- _Work order_
Where the listing shows an image, skip it and output all other material unchanged.

◇ ◇ ◇ ◇ ◇

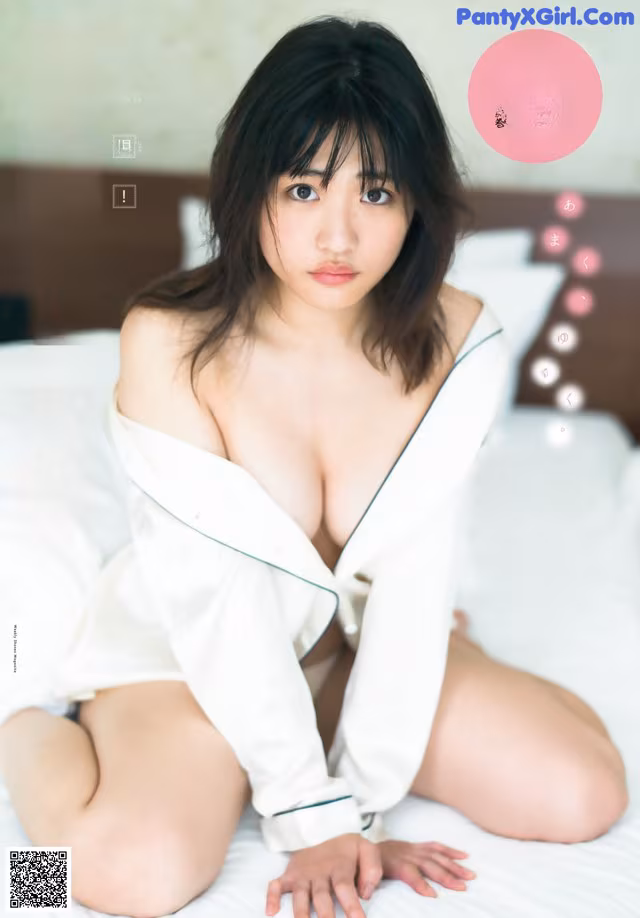 A woman in a white shirt is sitting on a bed.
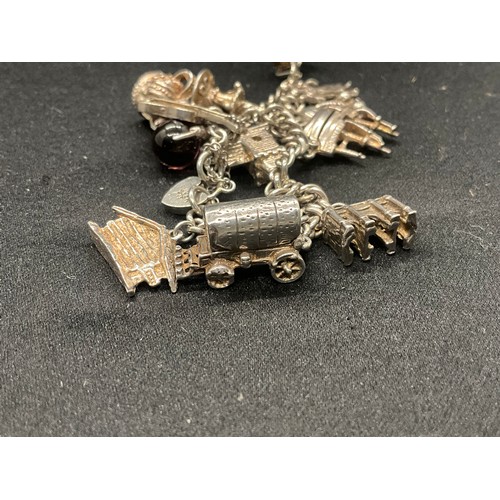7 - SILVER CHARM BRACELET UNMARKED BUT TESTED WITH 13 SILVER CHARMS W50G - CONTINENTAL SILVER LOCKET,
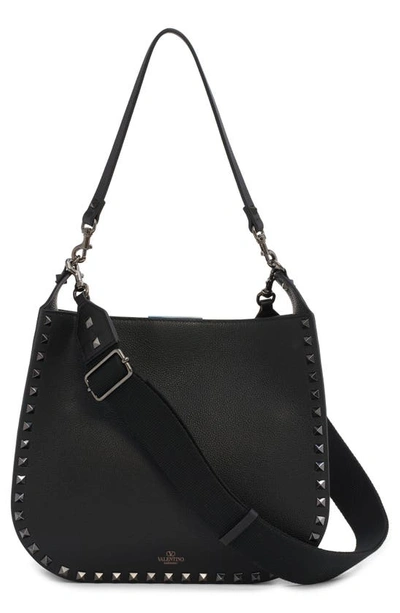 Shop Valentino Rockstud Leather Hobo Bag In 0no Nero
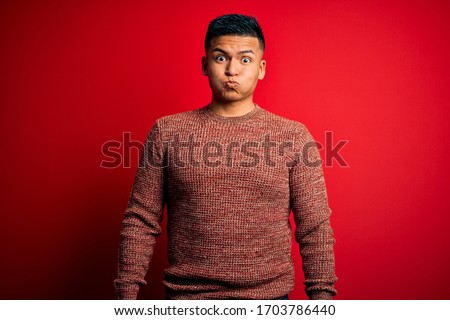 Young handsome latin man wearing casual sweater standing over red background puffing cheeks with funny face. Mouth inflated with air, crazy expression.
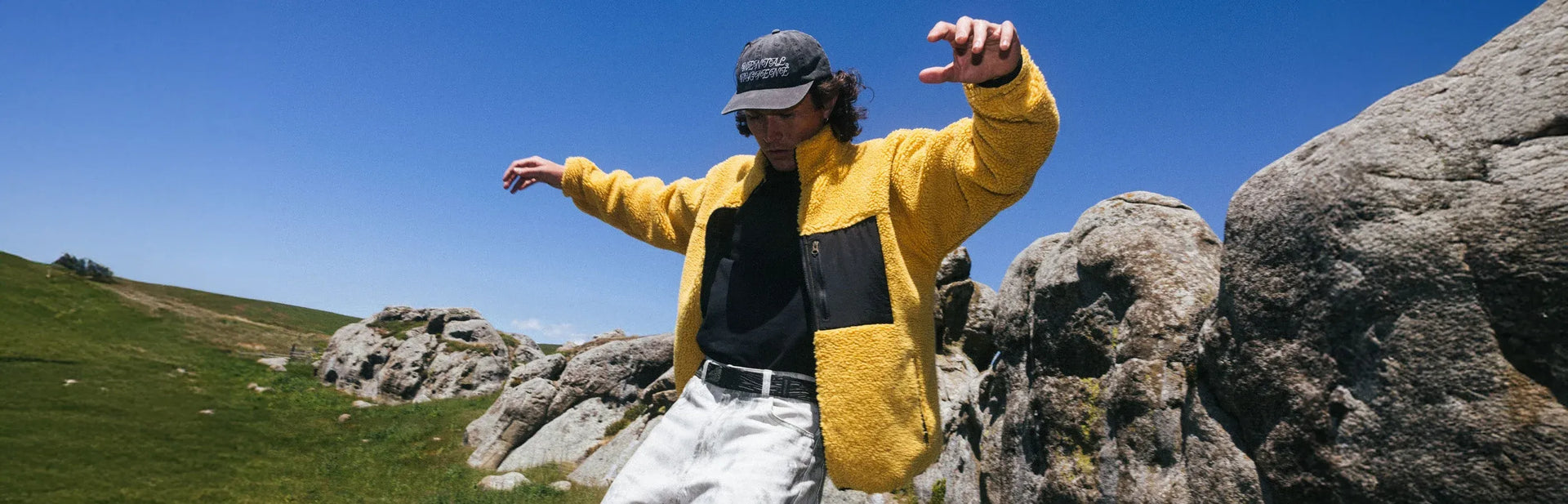 A person in a yellow jacket and black cap balances with arms outstretched on rocks outdoors, with green grass and blue sky in the background.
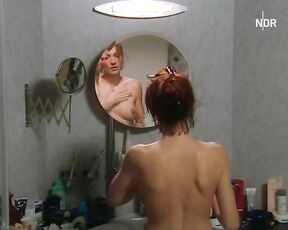 Naked in front of mirror from In aller Freundschaft: Alptraume!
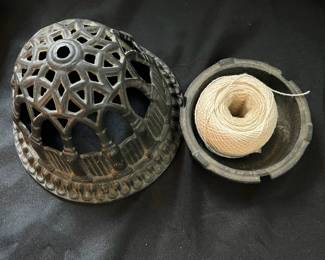 S24 - $35. Antique Cast Iron String Holder. Measures 6" wide x 5" tall.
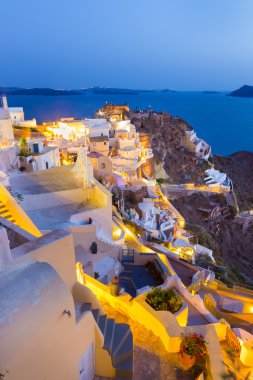Santorini üzerinde Oia köyde günbatımı, Yunanistan.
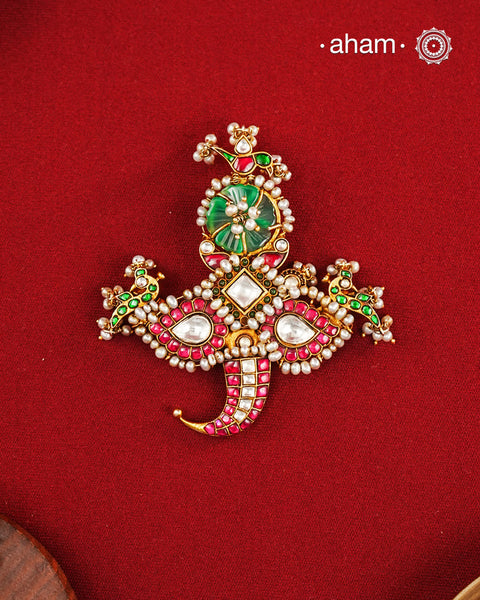 An intricately crafted statement pendant inspired by traditional artistry and symbolism. Featuring delicate peacock motifs on either side and tiger nail motif at the bottom, this striking design is adorned with vibrant deep pink and green kundan work, highlighted with luminous stone settings and intricate pearl detailing. At the centre sits a beautifully carved green stone, adding depth and character to the composition. Crafted in 92.5 silver with a rich gold polish finish, this pendant is designed to stand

◇ ◇ ◇ ◇ ◇

- _Response to this exercise_
 A woman in a white shirt is sitting on a bed.
7 - SILVER CHARM BRACELET UNMARKED BUT TESTED WITH 13 SILVER CHARMS W50G - CONTINENTAL SILVER LOCKET,
 Shop Valentino Rockstud Leather Hobo Bag In 0no Nero
 Young handsome latin man wearing casual sweater standing over red background puffing cheeks with funny face. Mouth inflated with air, crazy expression.
 A person in a yellow jacket and black cap balances with arms outstretched on rocks outdoors, with green grass and blue sky in the background.
 Naked in front of mirror from In aller Freundschaft: Alptraume!
 S24 - $35. Antique Cast Iron String Holder. Measures 6" wide x 5" tall.
Santorini üzerinde Oia köyde günbatımı, Yunanistan.
 An intricately crafted statement pendant inspired by traditional artistry and symbolism. Featuring delicate peacock motifs on either side and tiger nail motif at the bottom, this striking design is adorned with vibrant deep pink and green kundan work, highlighted with luminous stone settings and intricate pearl detailing. At the centre sits a beautifully carved green stone, adding depth and character to the composition. Crafted in 92.5 silver with a rich gold polish finish, this pendant is designed to stand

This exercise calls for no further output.